--- START ---

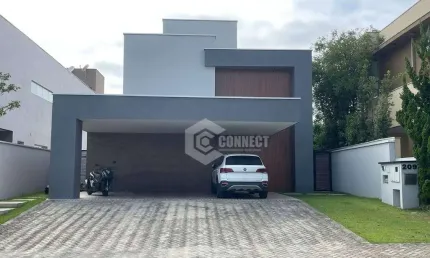 Sobrado com 3 dormitórios à venda, 295 m² por R$ 2.750.000 - Alphaville - Votorantim/SP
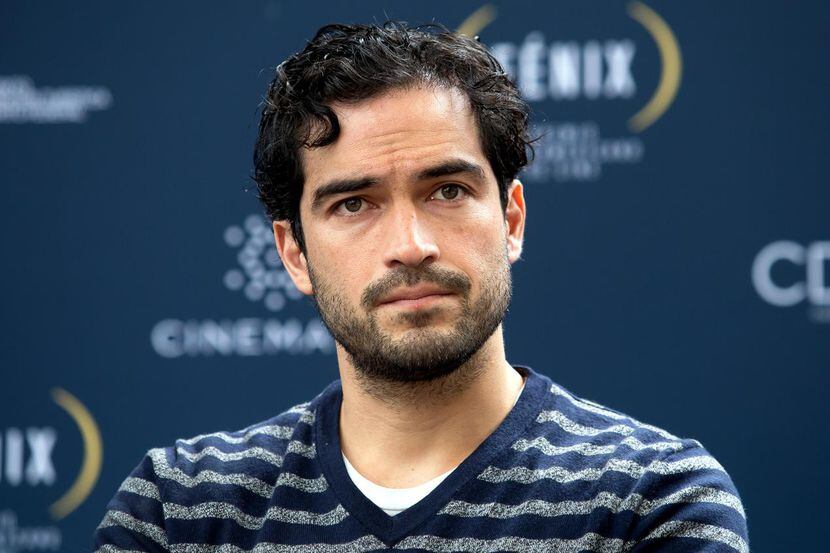 El actor mexicano, Alfonso Herrera, dijo en Twitter que le deseaba suerte al nuevo elenco de...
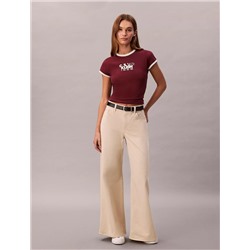 1968 Logo Graphic Baby Tee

--- END ---

Work request: The data above are to be repeated word for word, with any pictures left out.

Answer area:
 Sobrado com 3 dormitórios à venda, 295 m² por R$ 2.750.000 - Alphaville - Votorantim/SP
 El actor mexicano, Alfonso Herrera, dijo en Twitter que le deseaba suerte al nuevo elenco de...
 1968 Logo Graphic Baby Tee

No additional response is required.